**Problem statement**:
The reply should hold only the lines below beginning at the one with "Thought I'd give" and ending at the one with "I have been", copied exactly, with every picture left out.

**Given data**:

|---|

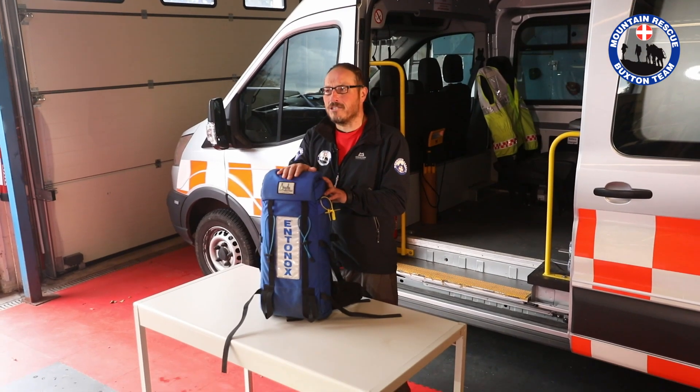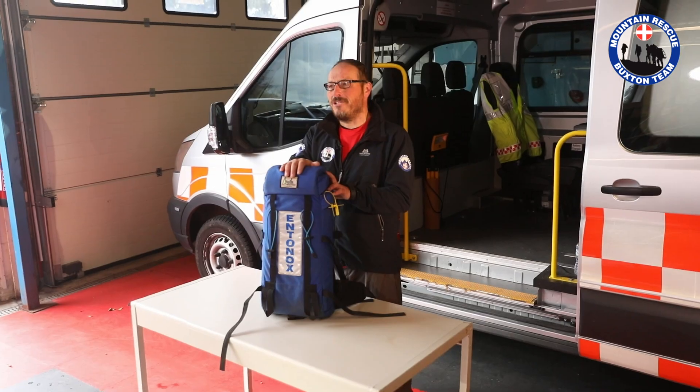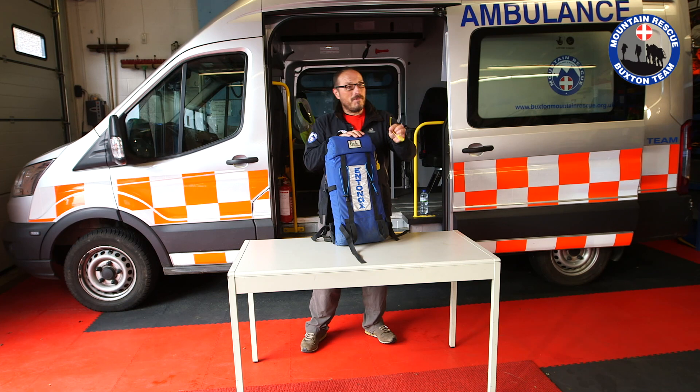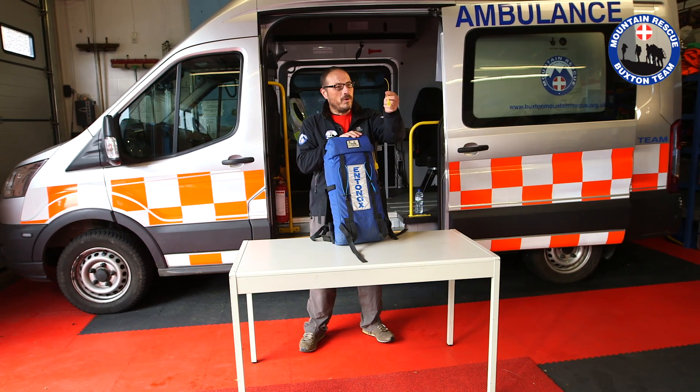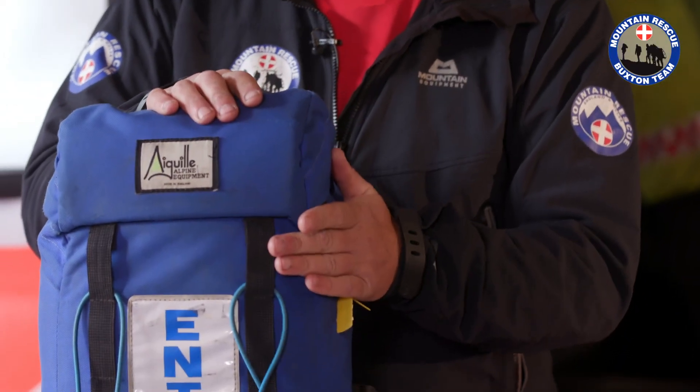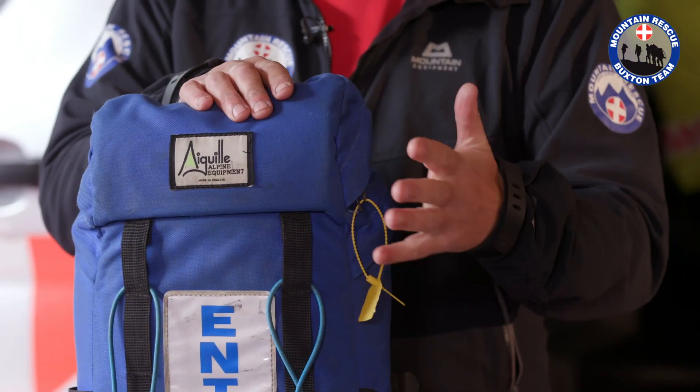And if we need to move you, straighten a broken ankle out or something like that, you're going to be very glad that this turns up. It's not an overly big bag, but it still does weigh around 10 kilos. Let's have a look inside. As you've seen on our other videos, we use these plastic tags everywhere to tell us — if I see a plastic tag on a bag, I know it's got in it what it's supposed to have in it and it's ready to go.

|---|

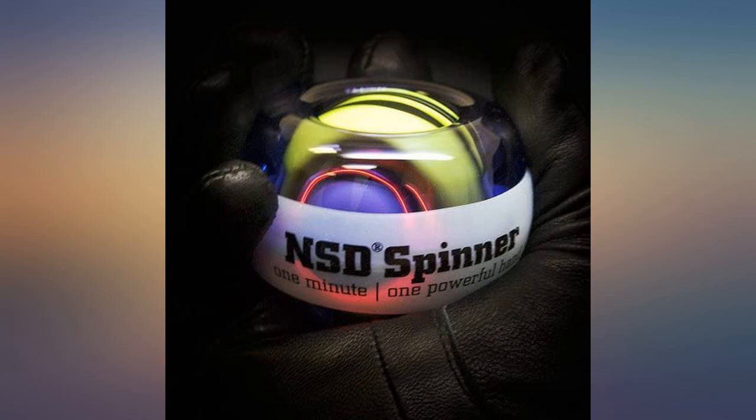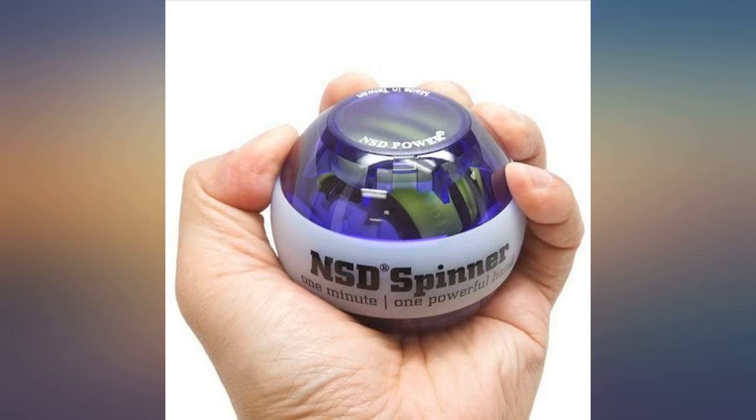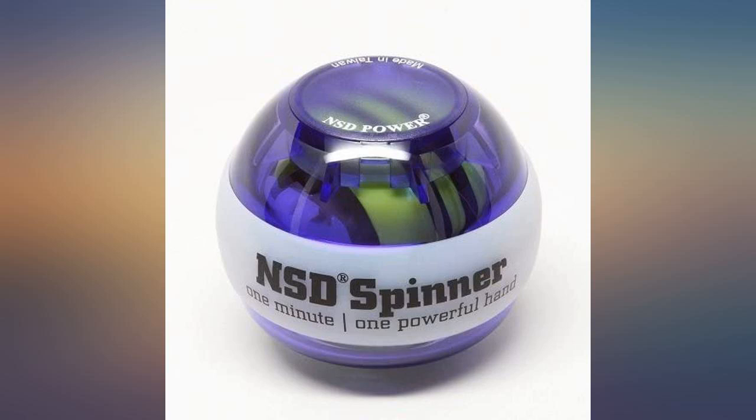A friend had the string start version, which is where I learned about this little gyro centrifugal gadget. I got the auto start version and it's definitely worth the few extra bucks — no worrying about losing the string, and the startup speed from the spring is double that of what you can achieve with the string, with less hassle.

|---|

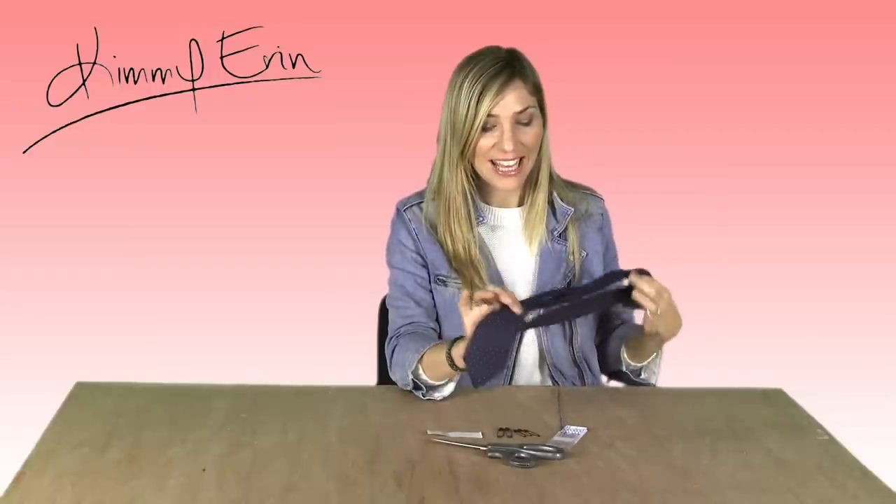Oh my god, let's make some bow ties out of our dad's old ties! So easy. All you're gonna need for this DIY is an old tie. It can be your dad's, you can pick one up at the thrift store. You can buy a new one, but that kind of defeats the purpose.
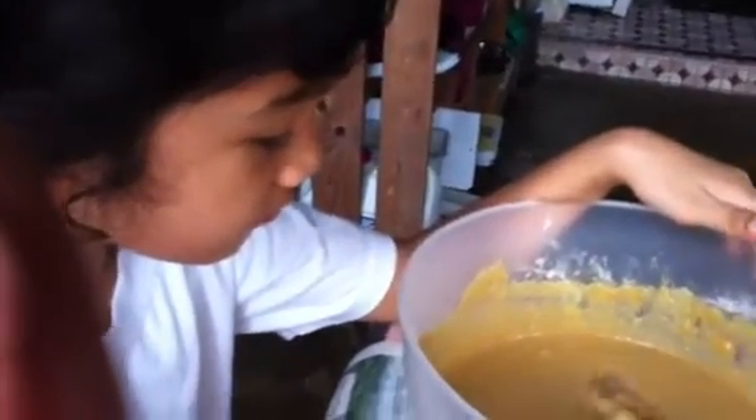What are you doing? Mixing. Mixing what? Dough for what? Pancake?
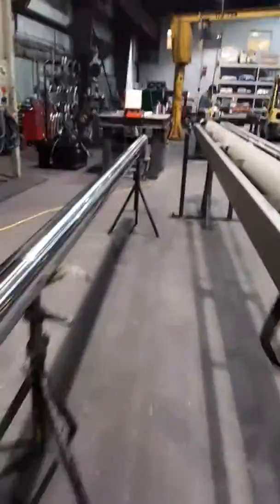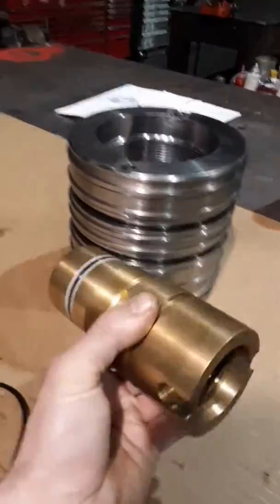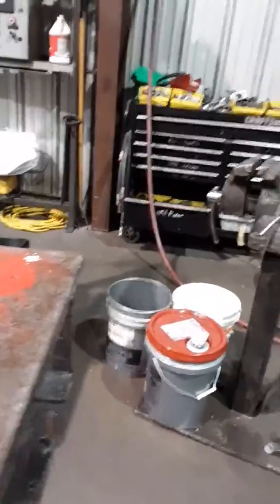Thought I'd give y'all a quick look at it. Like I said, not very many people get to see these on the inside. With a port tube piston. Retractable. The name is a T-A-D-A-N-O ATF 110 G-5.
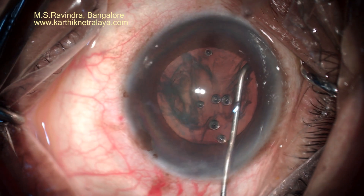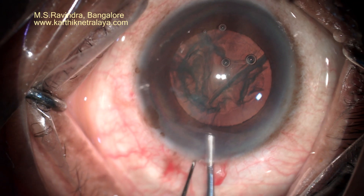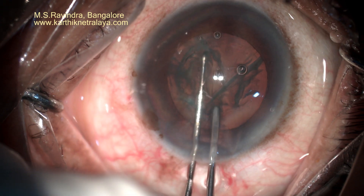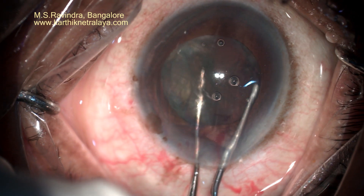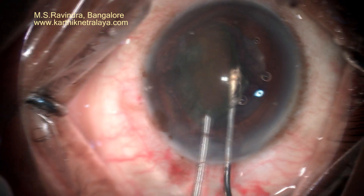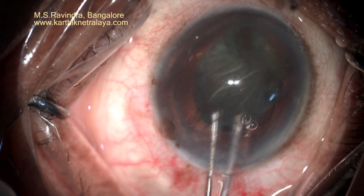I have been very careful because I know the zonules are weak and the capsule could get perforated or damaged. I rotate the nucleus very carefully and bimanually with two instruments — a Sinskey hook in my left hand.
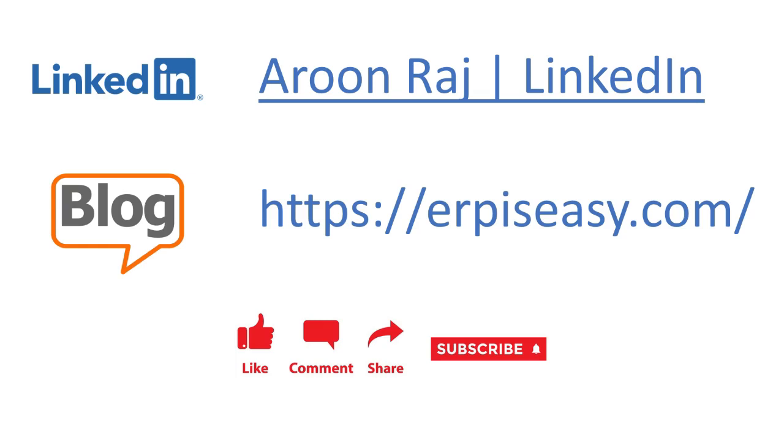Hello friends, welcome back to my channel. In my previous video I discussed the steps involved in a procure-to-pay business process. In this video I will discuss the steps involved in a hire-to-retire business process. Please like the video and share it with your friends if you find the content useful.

|---|

**Worked solution**:
Thought I'd give y'all a quick look at it. Like I said, not very many people get to see these on the inside. With a port tube piston. Retractable. The name is a T-A-D-A-N-O ATF 110 G-5.
I have been very careful because I know the zonules are weak and the capsule could get perforated or damaged. I rotate the nucleus very carefully and bimanually with two instruments — a Sinskey hook in my left hand.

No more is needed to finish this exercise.